Problem: Transcribe every entry word for word, leaving out all images.

Material for this exercise:

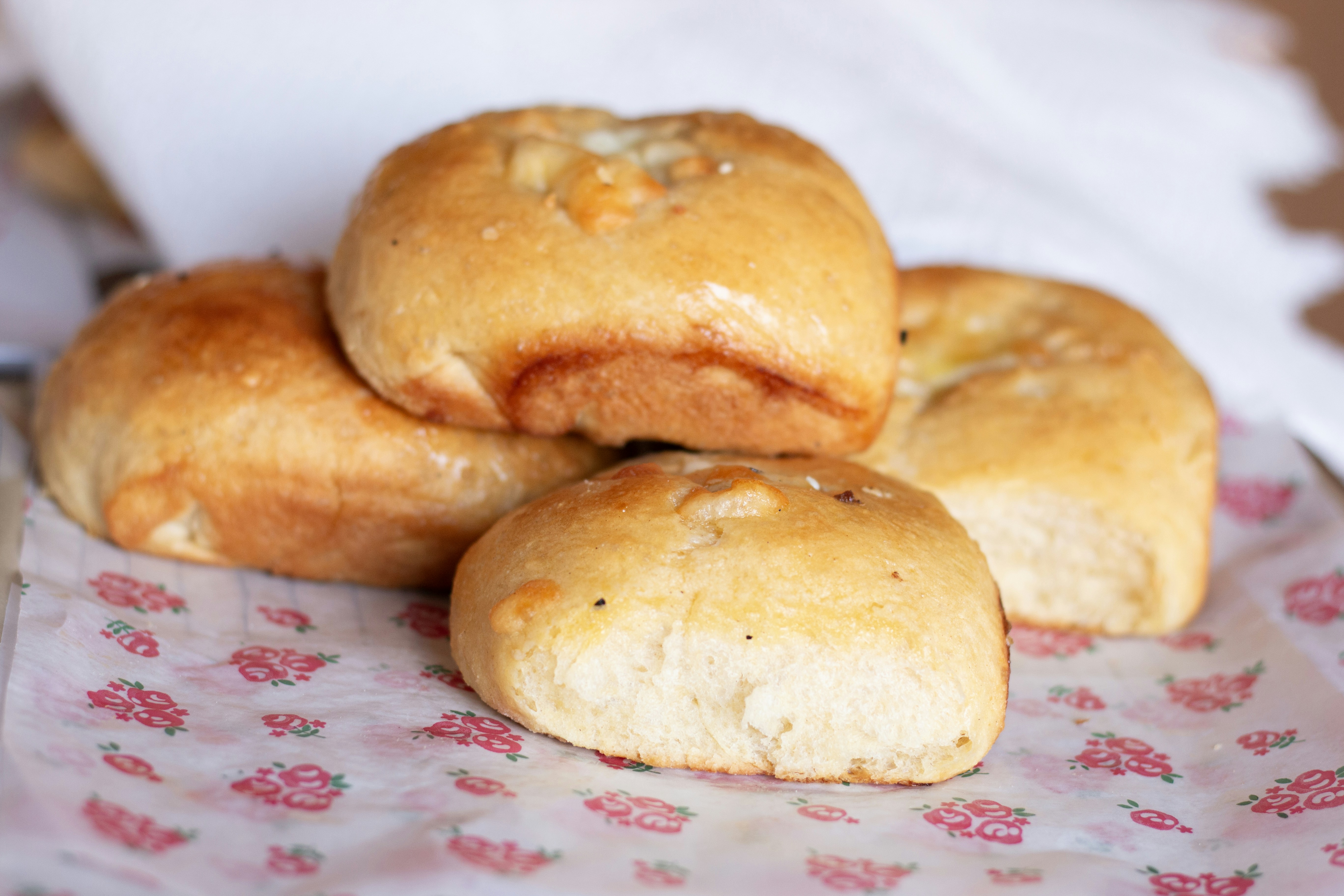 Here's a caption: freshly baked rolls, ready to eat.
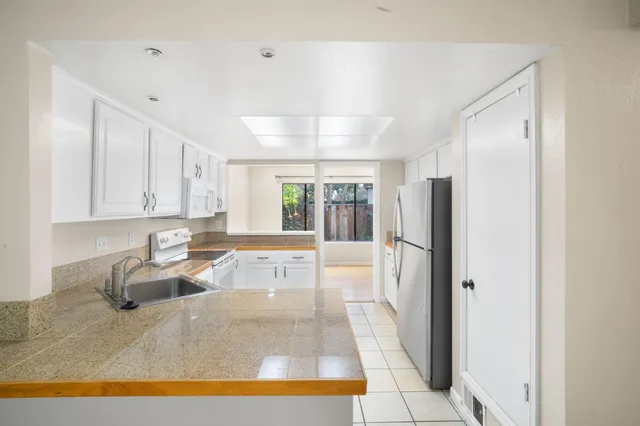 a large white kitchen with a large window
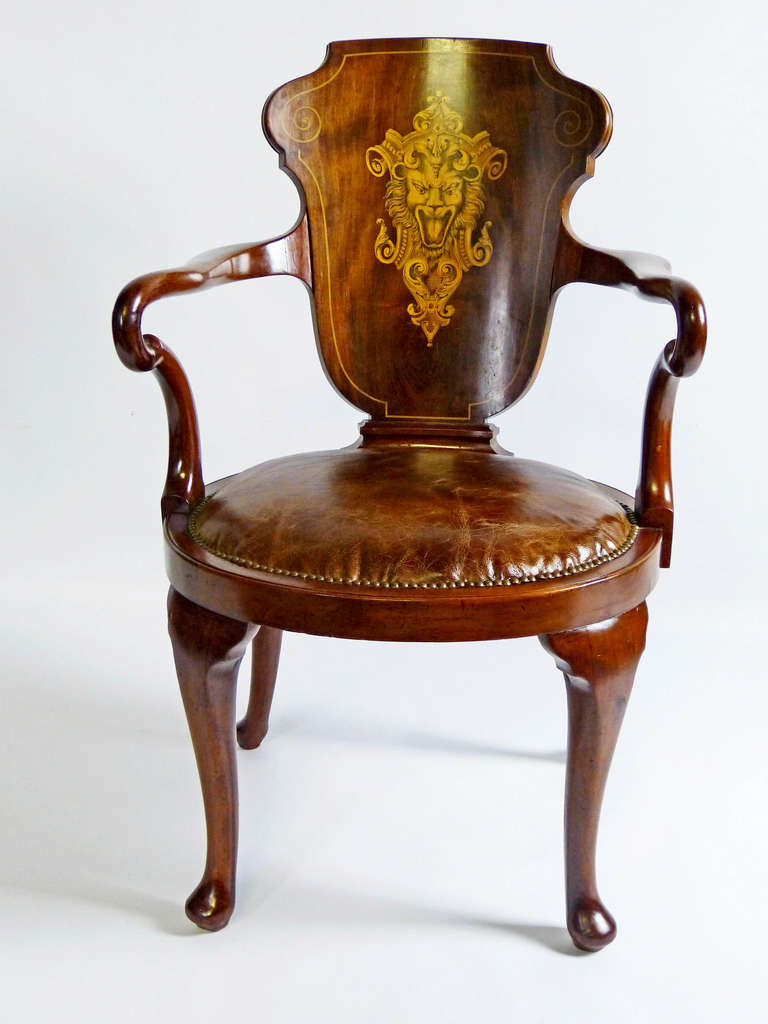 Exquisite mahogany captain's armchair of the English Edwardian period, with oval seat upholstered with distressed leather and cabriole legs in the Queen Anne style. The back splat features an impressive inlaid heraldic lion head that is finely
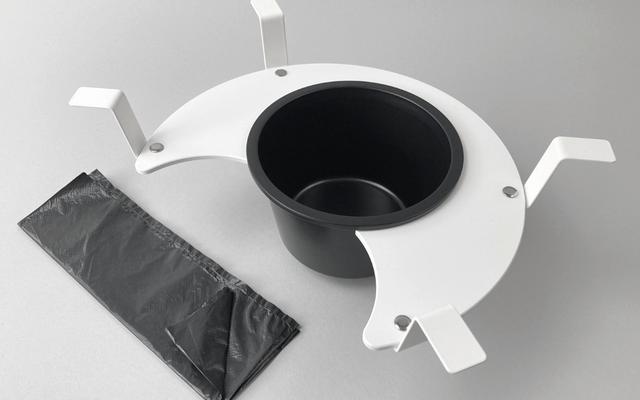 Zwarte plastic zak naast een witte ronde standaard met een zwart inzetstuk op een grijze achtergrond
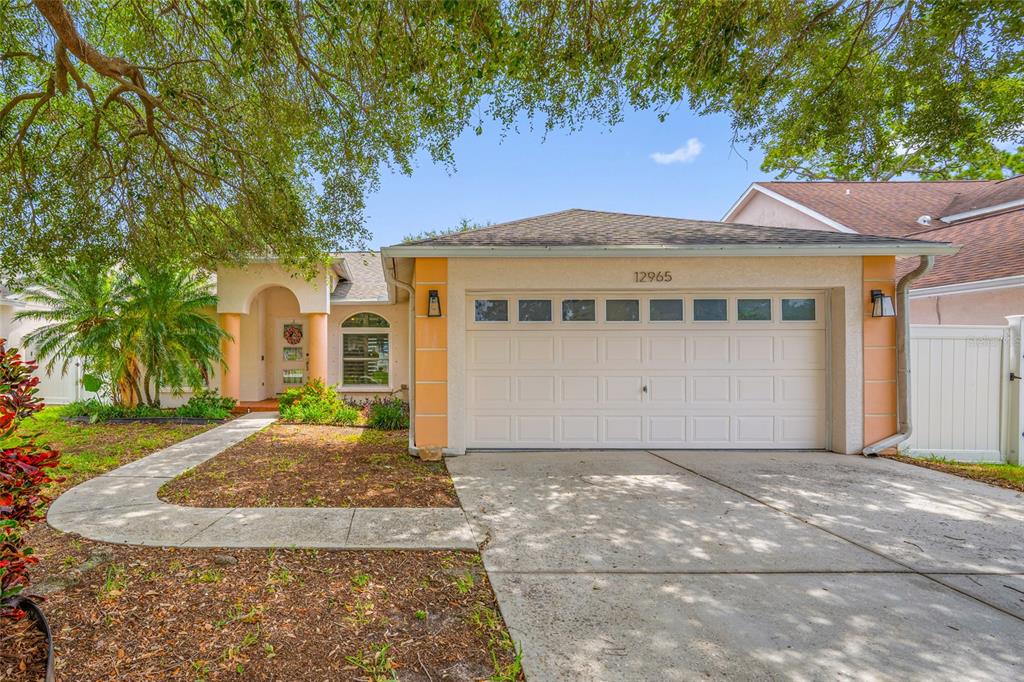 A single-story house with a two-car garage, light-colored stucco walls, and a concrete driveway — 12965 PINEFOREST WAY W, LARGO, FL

Worked solution:
 Here's a caption: freshly baked rolls, ready to eat.
 a large white kitchen with a large window
 Exquisite mahogany captain's armchair of the English Edwardian period, with oval seat upholstered with distressed leather and cabriole legs in the Queen Anne style. The back splat features an impressive inlaid heraldic lion head that is finely
 Zwarte plastic zak naast een witte ronde standaard met een zwart inzetstuk op een grijze achtergrond
 A single-story house with a two-car garage, light-colored stucco walls, and a concrete driveway — 12965 PINEFOREST WAY W, LARGO, FL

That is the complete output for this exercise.